Risk metrics traditionally included valuation, sensitivity analysis, scenario analysis, and maybe even Monte Carlo simulations. VaR goes further: it blends the price- yield relationship with the likelihood of a market movement that is unfavorable. Correlation and leverage are taken into consideration, and a summary measure of portfolio risk is expressed in a single probabilistic statement (Jorion 2001, p. 27).

VaR was initially developed to measure market risk and has many applications, including risk management and measurement, financial control and reporting, and the computation of regulatory capital requirements. Investors can use VaR to analyze, with a given level of confidence, what is the worst-case scenario or how much they may lose in a given time period. Formally, "VaR described the quantile of the projected distribution of gains and losses over the target horizon. If *c* is the selected confidence level, VaR corresponds to the 1 – c lower-tail level" (Jorion, p. 22).^{[1]} Intuitively, "VaR summarizes the worst loss over a target horizon with a given level of confidence" (p. 22).

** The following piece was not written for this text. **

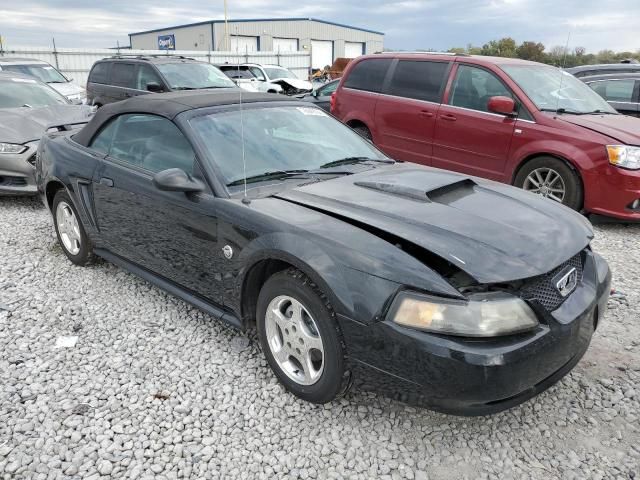 2004 Ford Mustang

# History, Characteristics, and Assumptions of VaR

Value at risk is a risk management tool developed by Till Guldimann at J.P. Morgan in the 1980s. It was developed as a result of discussions surrounding the importance of "value risks" or "earnings risks." The parties determined that value risks were of greater consequence, and VaR was born.

VaR is applicable to many different assets, including stocks, bonds, and derivatives as well as single assets or portfolios of assets. There are several methods that can be used to calculate VaR, including (1) the historical method (nonparametric delta normal), which uses past data; (2) the parametric method, which only requires the mean and standard deviation to be used;^{[2]} or (3) the Monte Carlo method, which uses future or forecasted data. Additionally, either percentage VaR or dollar VaR can be obtained, depending on the preferred output result. It is important to note that back-testing is extremely important with this technique. VaR is only an estimated worst-case scenario, and actual losses may surpass VaR. A loss that exceeds VaR is termed a "VaR break." VaR is rooted in the statistical and probabilistic foundations of portfolio theory. There is no one VaR value. In fact, there are multiple VaRs, depending on the circumstances and inputs.

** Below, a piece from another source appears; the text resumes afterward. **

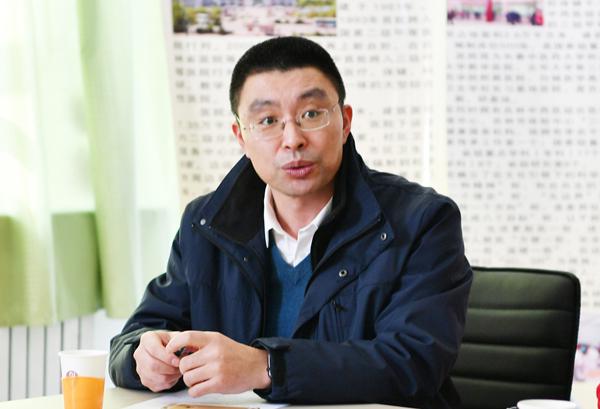 4王立国副院长主持讨论会___.jpg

There are five primary underlying assumptions for VaR. They are as follows:

1. *Stationarity.* A 1 percent fluctuation in returns is equally likely to occur at any point in time.

2. *Random walk of intertemporal unpredictability.* Day-to-day fluctuations in returns are independent.

3. *Nonnegativity.*^{[3]} Financial assets with limited liability cannot attain negative values.

4. *Time consistency.* All single-period assumptions hold over the multiperiod time horizon.

5. *Distributional.* Daily return fluctuations follow a normal distribution with a mean of zero and a standard deviation of 100 bp^{[4]} (Allen, Boudoukh, and Saunders 2004, 8-9).

With respect to the assumptions, the most obvious flaw is with the distributional assumption. Stock returns, in particular, have repeatedly been shown to not follow a normal distribution historically. However, using log returns can compensate for this issue.

- [1] Alternatively, some sources will use z as the confidence level instead of c. The approaches are identical; it is simply a notational difference.
- [2] The parametric method for calculating VaR is commonly used, and the only variables needed to do the calculation are the estimated mean and standard deviation of the portfolio. This method assumes that returns from portfolios are normally distributed.
- [3] Derivatives can violate this assumption.
- [4] Here, bp represents the common abbreviation of basis points. A basis point is 1/100th of a percent.